Pangeran Mangkubumi, adik Pakubuwono II tiba-tiba memberontak dan itu membuat. Pakubuwono III terdesak. Pangeran Mangkubumi yang dibantu Belanda berhasil mendapat wilayah kekuasaan di Yogyakarta.
Pakubuwono III diketahui menikahi Kanjeng Ratu Kencana asal Madura saat masih berstatus pangeran (1748). Persoalan yang timbul dipicu urusan anak yang tidak segera hadir. Selama 13 tahun bertahta, Pakubuwono III tidak kunjung mendapat keturunan yang diharapkan menjadi pewaris kekuasaan.
Raja menyiapkan skenario perceraian sekaligus mencari ratu pengganti, namun sayangnya Ratu Kencana diam-diam mencium gelagat itu. Hubungan rumah tangga Raja dan Ratu itu sontak tegang.
Begitu tahu hendak dipulangkan, ratu asal Madura melawan. Untuk urusan pemulangan ke Madura Pakubuwono III meminjam tangan pejabat tinggi kompeni Belanda Huprup Beman. Di halaman istana, di depan raja, Ratu Kencana mempertontonkan kenekatan khas Madura.
Ia menghunus keris kiai Bojiparang, kiai Urubjingga serta pistol kiai Kancaka Rupakinca. Ratu Kencana menantang suaminya bertempur sampai darah tumpah. Bukannya meladeni atau menenangkan, Pakubuwono III memilih kabur.
Setelah menuruni tembok istana dan mengenakan celana kembali, Pakubuwono III memilih sembunyi di tempat teraman. Raja masuk ke dalam Loji, benteng kompeni yang sekaligus tempat tinggal Huprup Beman.
Babad Prayud menceritakan, Raja Jawa gelisah, berjalan mondar-mandir tidak jelas. Huprup Beman yang sempat heran, kemudian menawarkan diri melakukan penyelamatan.
Petinggi kompeni Belanda itu mendatangi keraton dengan serombongan pasukan dan berteriak dengan nada gusar agar pintu keraton segera dibuka. Lantaran tak segera dibuka, pasukan kompeni Belanda mendobrak.
Tertulis dalam Babad Prayud, Huprup Beman sempat menendang pintu keraton tiga kali dan sontak engsel pintu rontok. “Pada tendangan keempat, pecah jadi empat dan pintu ambruk sebagian”.
Diiringi enam serdadu dengan Kapten Ajudan Bonggareken sebagai komandan, Huprup Beman merangsek masuk ke dalam istana.

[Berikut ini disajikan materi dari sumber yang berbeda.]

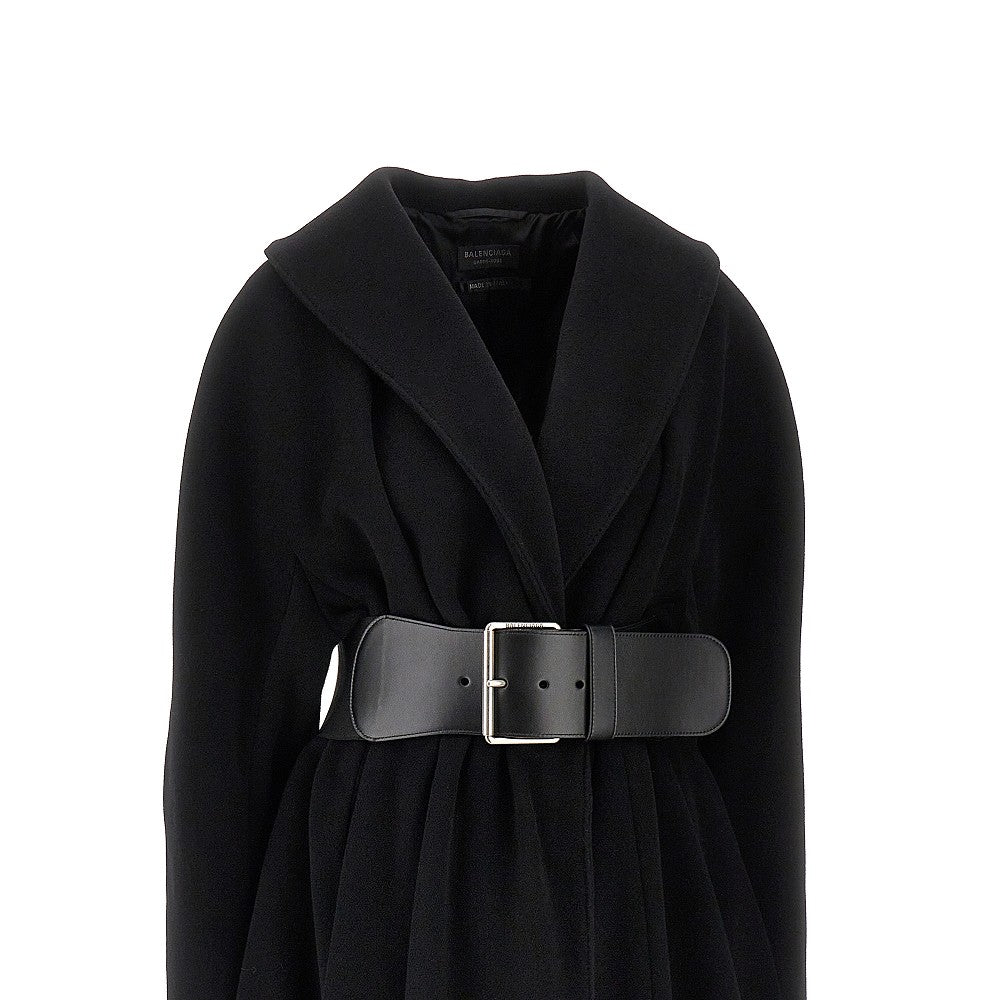 Cappotto in panno con cintura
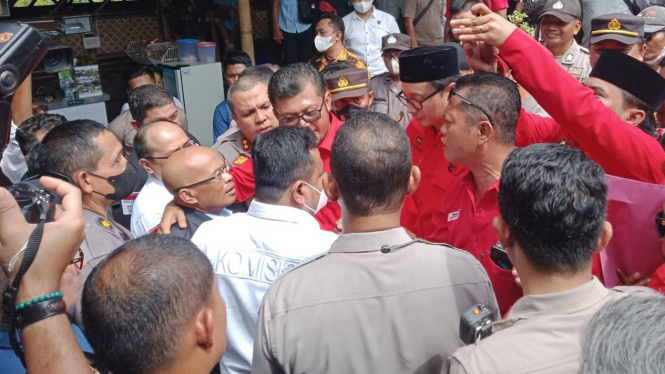 Wakil Ketua Komisi III DPR Desmond Mahesa saat digeruduk kader PDIP di Purworejo, Jateng.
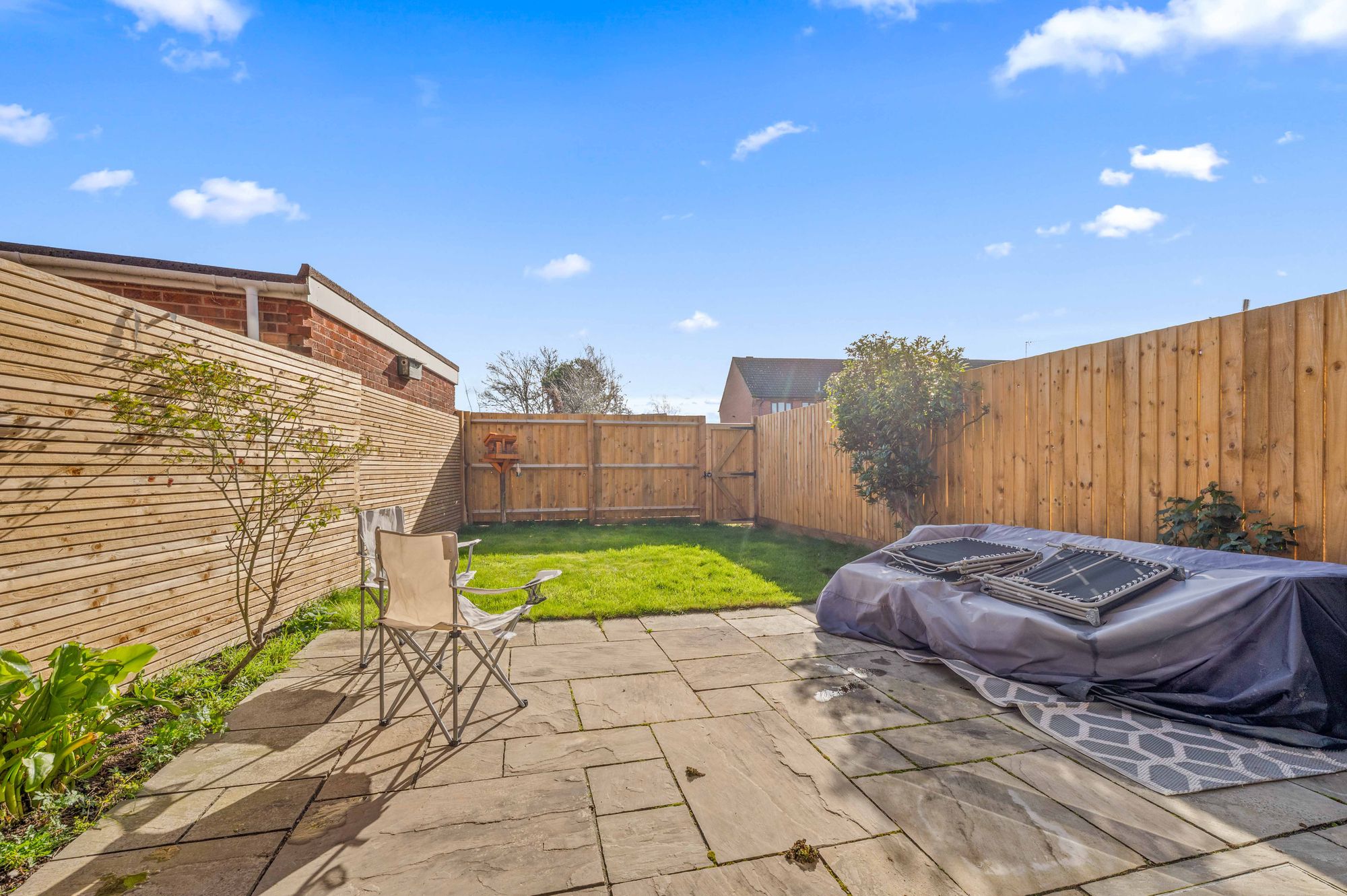 3 bed semi-detached house for sale in Hatherell Road, Radford Semele, CV31 4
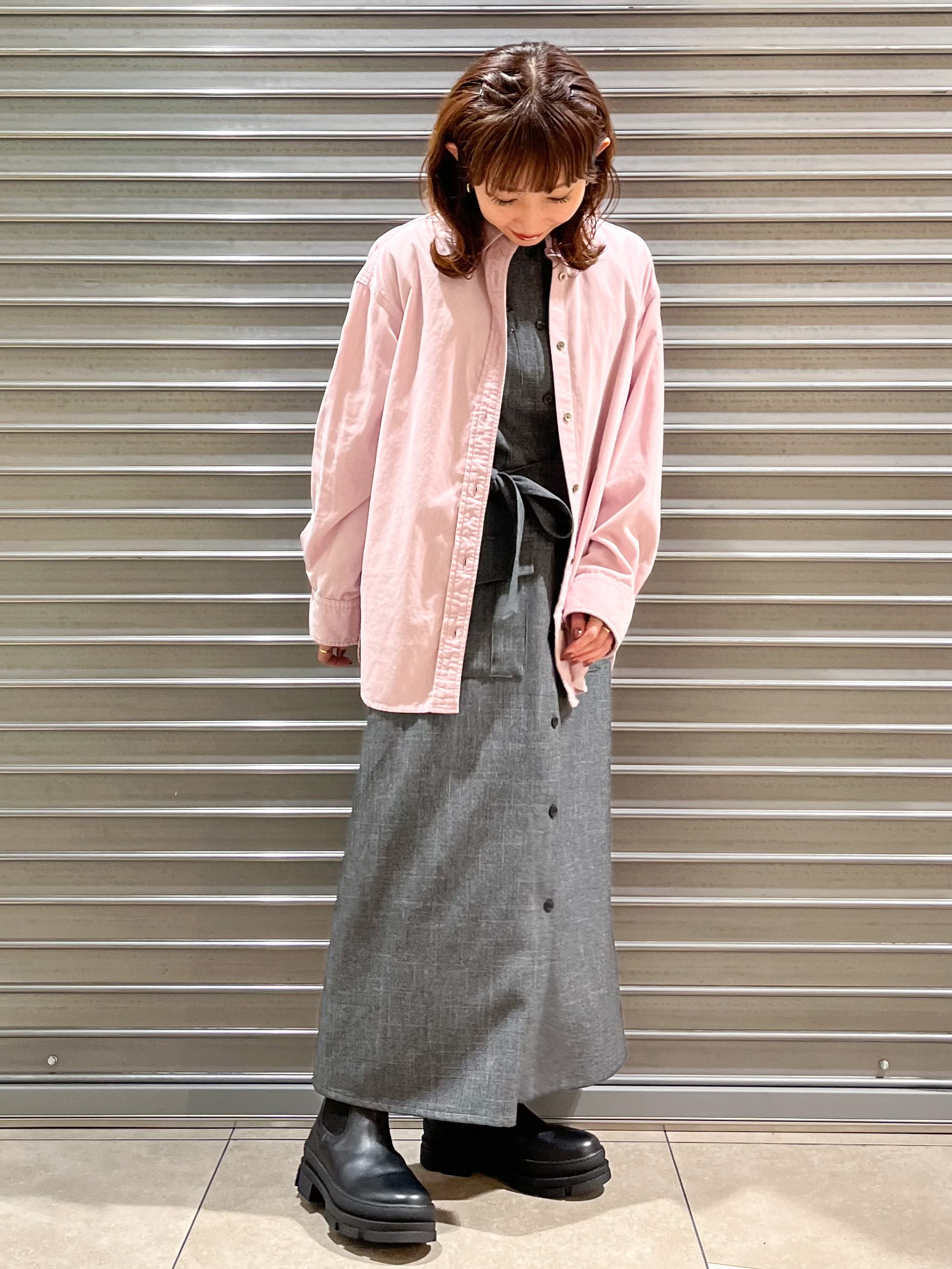 じゅんさんの「DRESSTERIOR｜【軽やかな着心地】コーデュロイ オーバーサイズシャツ」を使ったコーディネート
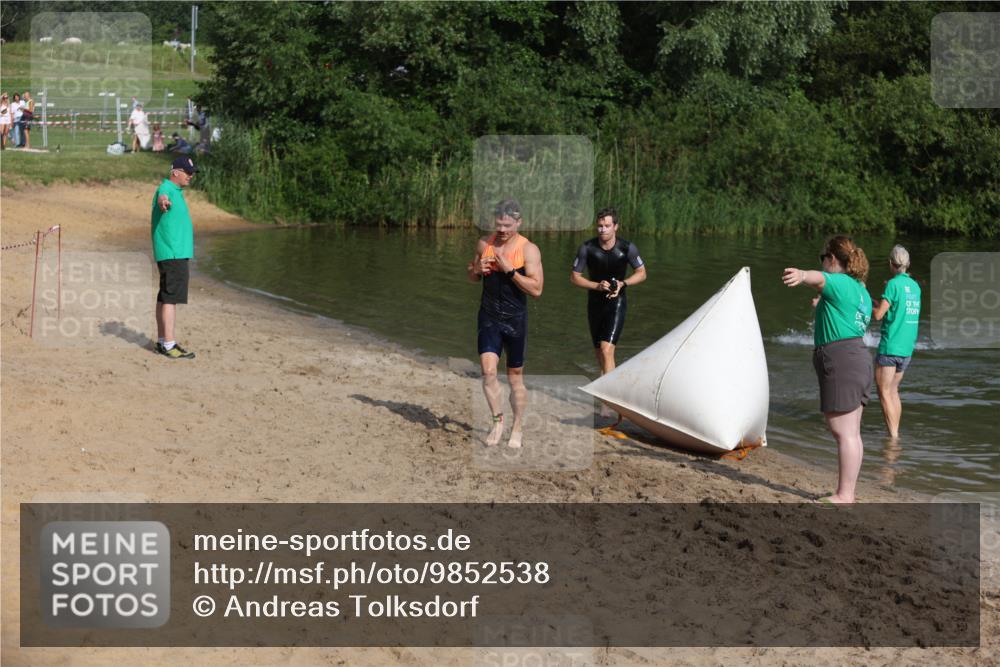 21.06.2026 - 29. Vierlanden-Triathlon Andreas Tolksdorf http://msf.ph/oto/9852538 21.06.2026 08:32:43 Schwimmen 2, 16, 26, 47 meine-sportfotos.de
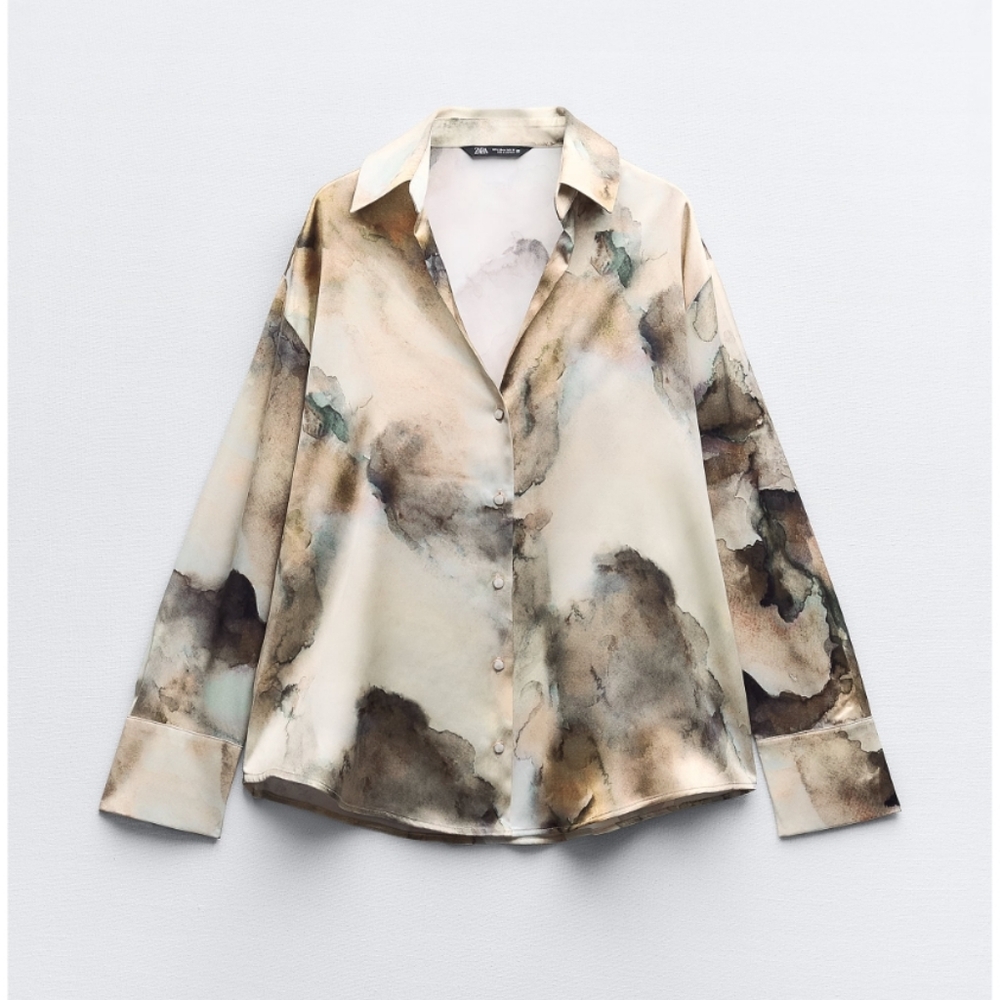 ❌️SOLD❌️SATIN EFFECT TIE-DYE SHIRT SIZE S - Picture 3 of 9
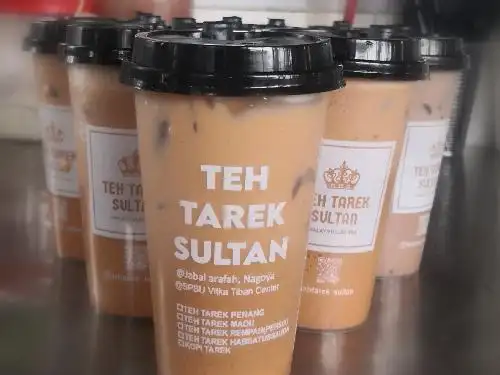 Teh Tarek Sultan, Gajah Mada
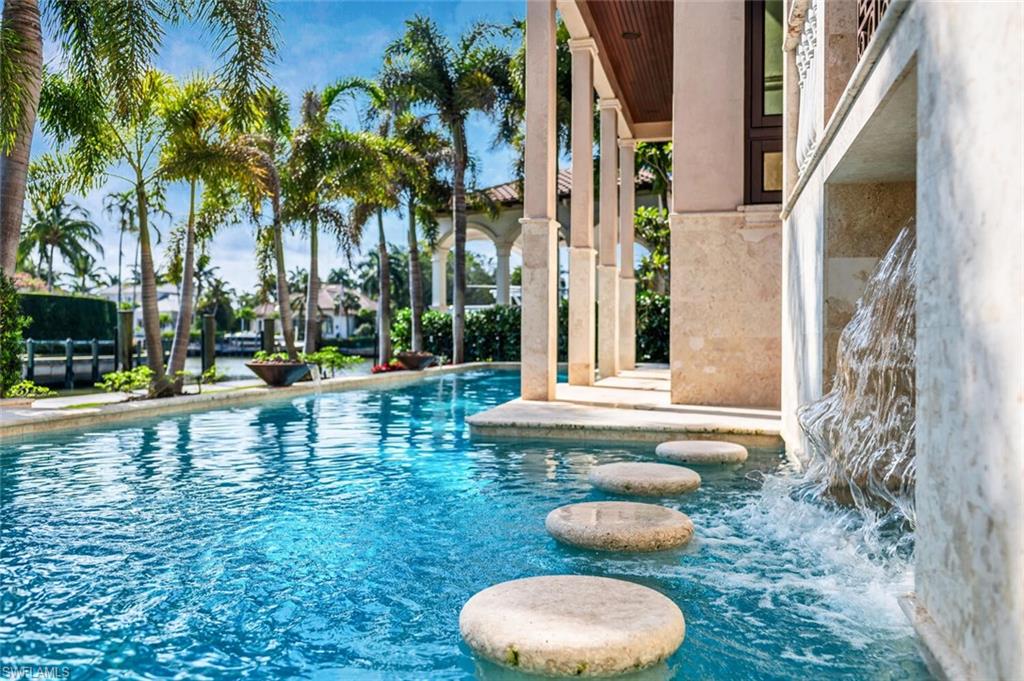 AQUALANE SHORES - Residential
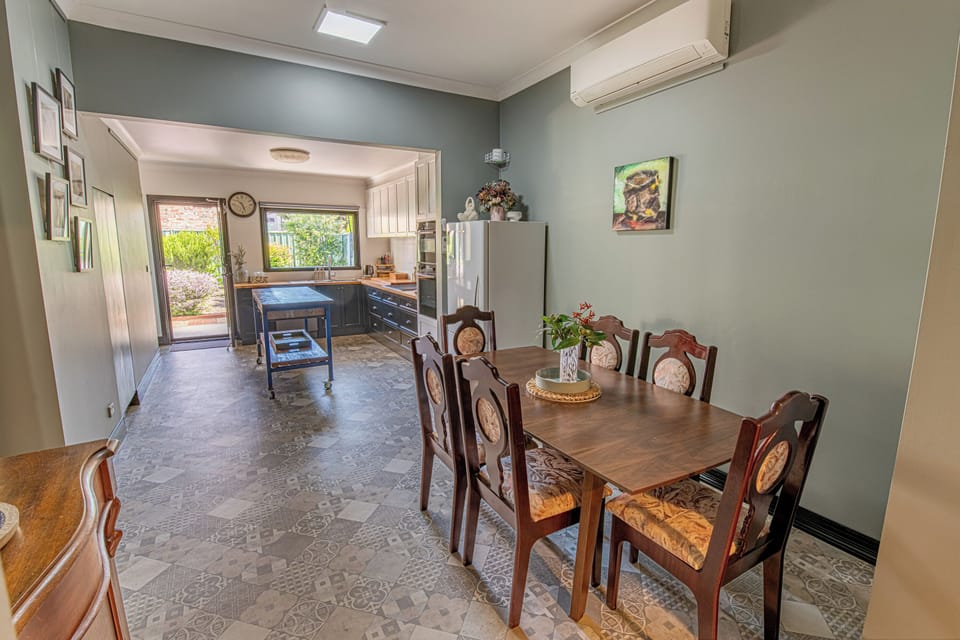 Dining to Kitchen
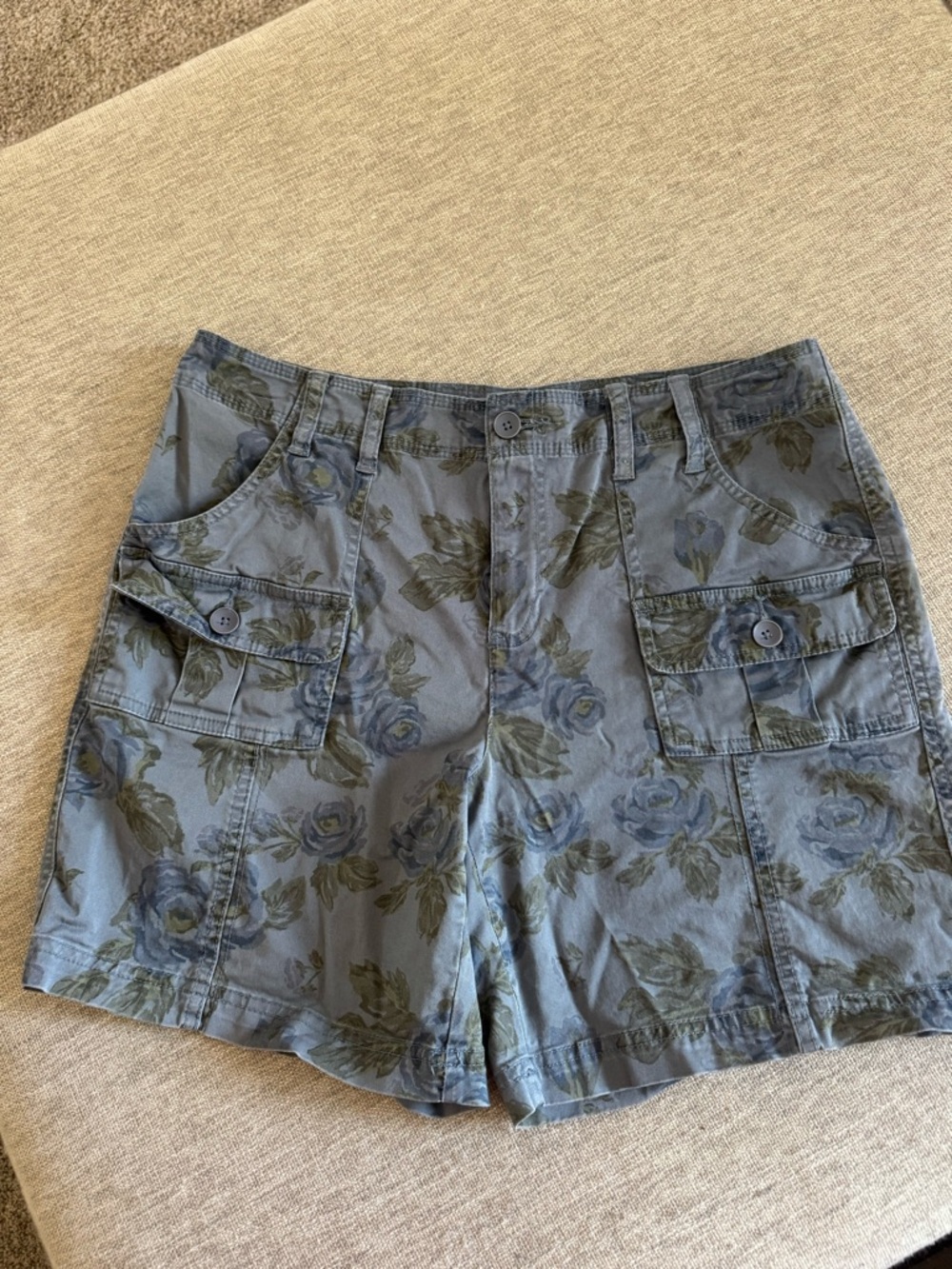 Style & Co. Slate Blue Floral Cargo Shorts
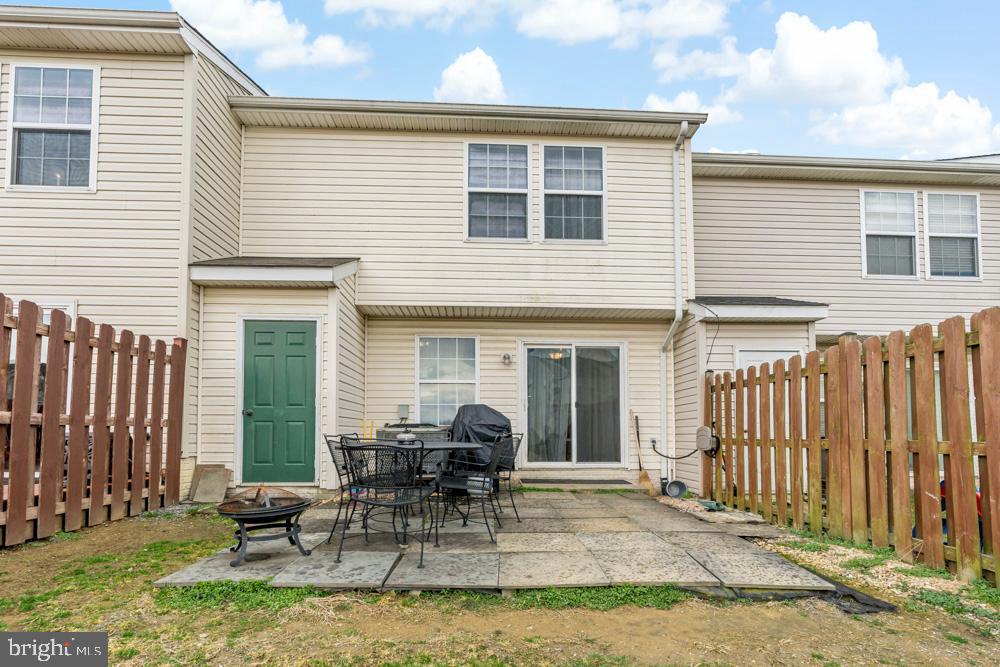 PRENTISS POINT - Residential Lease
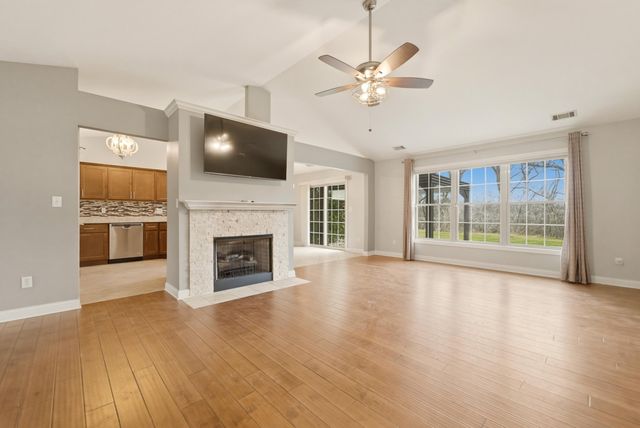 862 Veterans Lane, Crown Point, IN 46307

Apa yang ada di hadapannya? Ratu Kencana berdiri dengan posisi siap tempur.
Pada tangannya masih terhunus keris kiai Bojiparang. Tujuh orang abdi yang berdiri di sisi kiri dan kanan sang ratu, gemetaran. Huprup Beman yang terkenal banyak akal tidak mengimbangi kemarahan dengan kemarahan.
Ia memilih mengeluarkan jurus negosiasinya, yakni membujuk Ratu Kencana untuk bersedia keluar dari keraton. Upayanya sukses. Huprup Beman juga berhasil mengatur perceraian Pakubuwono III dengan Ratu Kencana yang pada akhirnya bersedia dipulangkan ke Madura dengan sebuah persiapan resmi.
Pakubuwono III diketahui menutup usia pada 26 September 1788 dengan pemakaman di Astana Kasuwargan Imogiri, Bantul Yogyakarta. Hingga hari kematiannya, situasi politik di keraton Surakarta Hadiningrat tidak pernah kondusif. Begitulah “kisah susis” yang pernah menghebohkan istana Raja Jawa.